Start of Block
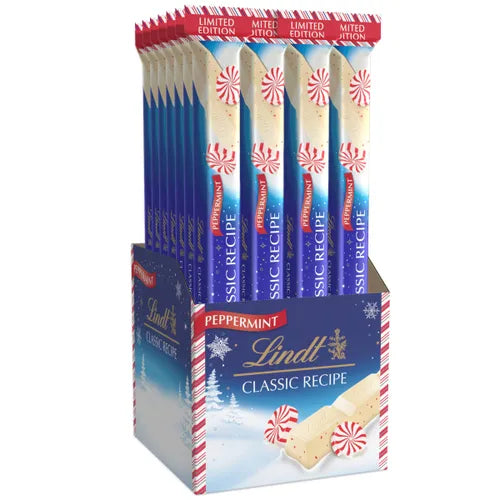 Lindt Peppermint 1.2 oz Each Bar Quantity 24 Pieces Per Box Sweet Browse at UsaCandyWholesale.Com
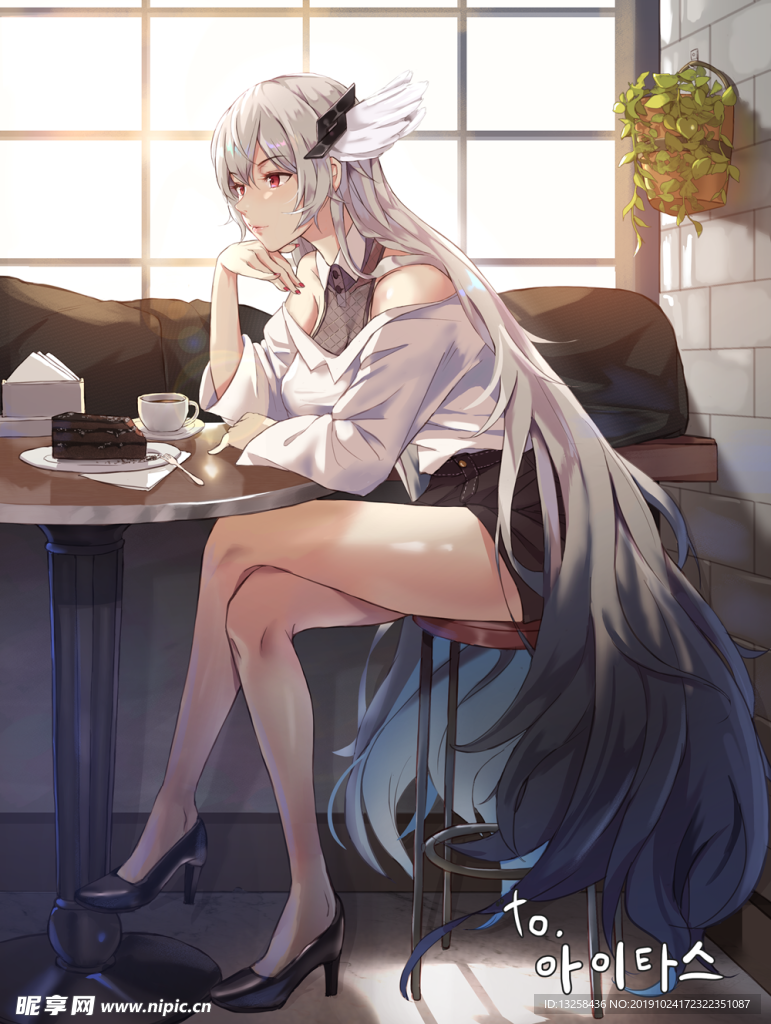 彩色插画人物动漫背景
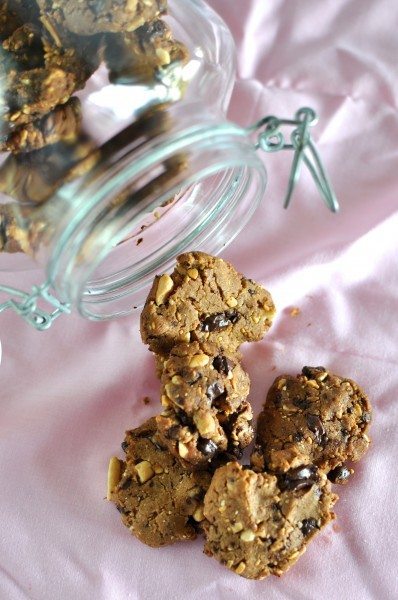 Gluten free Chocolate peanut butter cookies via www.clairekcreations.com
End of Block
• [EXERCISE PROMPT] Return the material from above in full, exactly as written, with the pictures omitted.

• [RESPONSE AREA]
 Lindt Peppermint 1.2 oz Each Bar Quantity 24 Pieces Per Box Sweet Browse at UsaCandyWholesale.Com
 彩色插画人物动漫背景
 Gluten free Chocolate peanut butter cookies via www.clairekcreations.com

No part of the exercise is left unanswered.